Benchè, come detto, per incentivare l’utilizzo dei buoni pasto lo Stato applichi regimi fiscali vantaggiosi per i lavoratori, è diventato oneroso per gli esercenti accettare e gestire i titoli di credito così incassati. Fra commissioni, costi di gestione e tempi di incasso, un ristoratore ci rimette in termini economici fino al 30% del valore del ticket. Ciò, oltretutto, va a costituire reddito imponibile per il valore pieno del buono pasto sul quale devono essere poi pagate le tasse. Quindi, tasse su tasse. Per non parlare poi dei tempi di incasso che tendono ad arrivare a 30-40 giorni e in alcuni casi anche a 60 (dipende dalle società di gestione dei ticket). Sicché i piccoli esercenti tendono a non rinnovare più le convenzioni con le società dei ticket restaurants o a rifiutarsi di accettarli.

Costi di gestione troppo alti

In molti casi, bar e ristoranti propongono degli sconti alla clientela se non pagano con buoni pasto. In altri aumentano i prezzi per scoraggiarne l’utilizzo. Del resto il piccolo ristoratore o barista che deve fare ogni giorno i conti con i costi di gestione del locale e pagare puntualmente la miriade di tasse che grava sull’attività commerciale, non può attendere i tempi di incasso dei ticket restaurant da parte delle società e vedersi oltretutto decurtato l’importo spettante.

Cosa ben diversa per le grandi catene di ristorazione o per i supermercati che, dato il volume di affari, non hanno problemi a subire ritardi o decurtazioni.

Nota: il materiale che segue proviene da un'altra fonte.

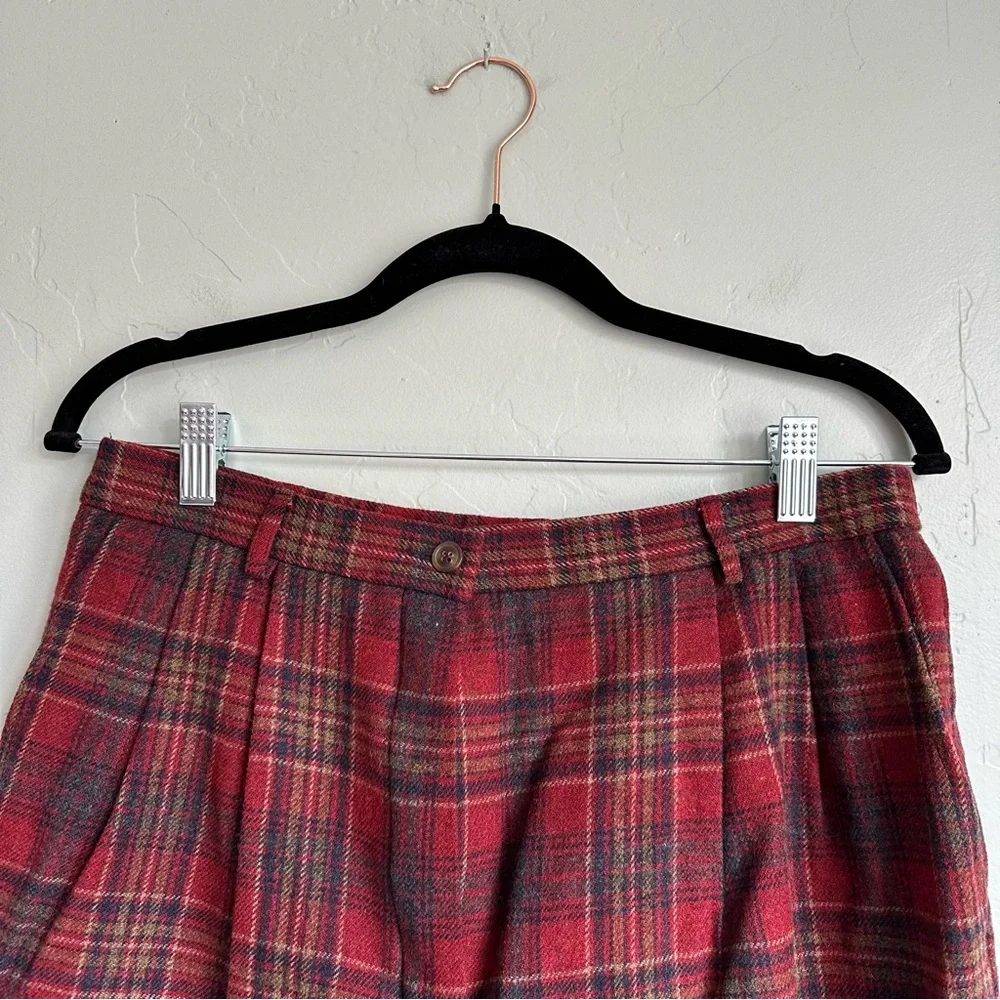 Pendleton Vintage Women Red Gray‎ Plaid 100% Wool Shorts Preppy Fall Size 14 EUC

Ristoratori pronti allo stop

Il sistema dei buoni pasto è quindi al collasso e “se non ci sarà un’inversione di rotta immediata, quasi tre milioni di dipendenti pubblici e privati potrebbero vedersi negata la possibilità di pagare il pranzo o la spesa con i ticket“. Il grido d’allarme parte dalle associazioni dei consumatori e dei commercianti, pronti a dare battaglia e a rifiutarsi di rinnovare le convenzioni. “Siamo arrivati ad un punto limite di sopportazione” – proseguono – “e siamo pronti a smettere di prendere i buoni pasto” senza una riforma. Il rischio è che molte altre società di gestione facciano la fine di Qui!Group, azienda leader dei buoni pasto alla pubblica amministrazione , fallita nel 2018 con 325 milioni di euro di debiti, di cui circa 200 milioni nei confronti degli esercizi convenzionati.

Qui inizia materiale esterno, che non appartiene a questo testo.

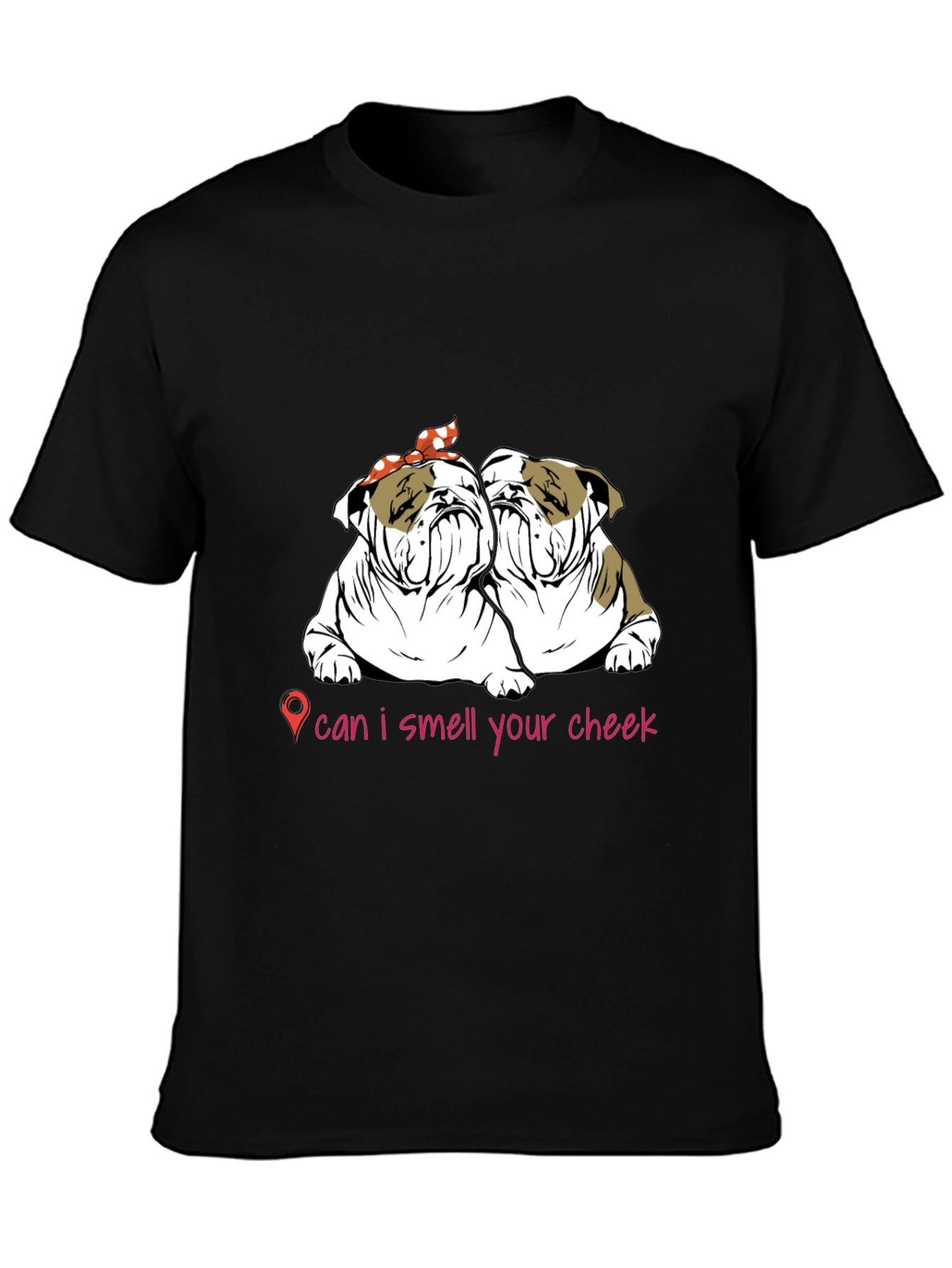 Black Bulldog Cheek Sniff T-Shirt: Cute Pet Lover Tee view 3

Buoni pasto: in Italia valgono 3,2 miliardi di euro all’anno

Nonostante i problemi, i buoni pasto muovo un’economia gigantesca ogni anno. Nel 2019, secondo i dati raccolti dalla Consip, sono stati fatturati pasti per 3,2 miliardi all’anno attraverso i ticket restaurant. “Ogni giorno circa 10 milioni di lavoratori pranzano fuori casa. Di questi, 2,8 milioni sono dotati di buoni pasto e il 64,7% li utilizza come prima forma di pagamento ogni volta che esce dall’ufficio. Complessivamente si stima che nel 2019 siano stati emessi in Italia 500 milioni di buoni pasto, di cui 175 milioni acquistati dalle pubbliche amministrazioni, che li hanno messi a disposizione di 1 milione di lavoratori. In totale, ogni giorno i dipendenti pubblici e privati spendono nei bar, nei ristoranti, nei supermercati i e in tutti gli esercizi convenzionati 13 milioni di euro in buoni pasto“.